I have a CSV with the following data:
Block_Number Block_Type Segment_Duration Speaker_ID
0 1 Pause 1.21 FUZ
1 1 Pause 1.09 FUZ
2 1 AICF 2.06 FAN
3 1 AICF 1.23 FUZ
4 1 AICF 1.58 FAN
... ... ... ... ...
1280 32 Pause 1.03 FUZ
1281 32 Pause 1.16 SIL
1282 32 Pause 2.18 OLN
1283 32 AMF 0.98 FAN
1284 32 AMF 1.78 FAN
I have grouped them by Block Number, Block Type and Speaker ID with this code and filtered the result with the 'CHN' ones only, which gives:
Block_Number Block_Type Speaker_ID Count
1 29 CIC CHN 98
6 9 AICF CHN 30
7 22 CIC CHN 29
10 19 CIC CHN 21
14 13 AICF CHN 15
28 27 CIC CHN 9
... ... ... ... ...
How would I be able to get the percentage of CHN elements within a block? For example, in block 29, there are 98 counts of 'CHN' out of 120 other labels in this block.
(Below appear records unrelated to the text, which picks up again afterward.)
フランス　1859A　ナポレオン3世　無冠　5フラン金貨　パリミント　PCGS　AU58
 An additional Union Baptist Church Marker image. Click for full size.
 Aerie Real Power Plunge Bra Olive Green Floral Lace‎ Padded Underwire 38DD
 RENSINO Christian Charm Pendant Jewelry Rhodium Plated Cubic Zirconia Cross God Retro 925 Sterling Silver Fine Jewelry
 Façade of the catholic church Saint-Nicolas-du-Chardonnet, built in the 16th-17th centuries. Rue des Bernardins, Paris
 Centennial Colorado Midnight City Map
So in block 29, there would be 81.67% of CHN. I would like to do this for each of the 32 blocks.
Thank you.
CodePudding user response:
You could do something like the following
category = "Block_Number"
col = "Speaker_ID"
value = "FUZ"
d = {'Block_Number': {'0': '1', '1': '1', '2': '1', '3': '1', '4': '1', '1280': '32', '1281': '32', '1282': '32', '1283': '32', '1284': '32'}, 'Block_Type': {'0': 'Pause', '1': 'Pause', '2': 'AICF', '3': 'AICF', '4': 'AICF', '1280': 'Pause', '1281': 'Pause', '1282': 'Pause', '1283': 'AMF', '1284': 'AMF'}, 'Segment_Duration': {'0': '1.21', '1': '1.09', '2': '2.06', '3': '1.23', '4': '1.58', '1280': '1.03', '1281': '1.16', '1282': '2.18', '1283': '0.98', '1284': '1.78'}, 'Speaker_ID': {'0': 'FUZ', '1': 'FUZ', '2': 'FAN', '3': 'FUZ', '4': 'FAN', '1280': 'FUZ', '1281': 'SIL', '1282': 'OLN', '1283': 'FAN', '1284': 'FAN'}}
df = pd.DataFrame(d)
percent_by_block = (
df[df[col] == value]
.groupby(by=category)
.count()[col]
)/(
df.groupby(by=category)
.count()[col])
Here, I take df
to be the example dataframe
Block_Number Block_Type Segment_Duration Speaker_ID
0 1 Pause 1.21 FUZ
1 1 Pause 1.09 FUZ
2 1 AICF 2.06 FAN
3 1 AICF 1.23 FUZ
4 1 AICF 1.58 FAN
1280 32 Pause 1.03 FUZ
1281 32 Pause 1.16 SIL
1282 32 Pause 2.18 OLN
1283 32 AMF 0.98 FAN
1284 32 AMF 1.78 FAN
The resulting series percent_by_block
is
Block_Number
1 0.6
32 0.2
The results here reflect that 60% (i.e. .6) of the rows with Block_Number 1 have Speaker_ID FUZ, whereas 20% of the rows with Block_Number 32 have Speaker_ID FUZ.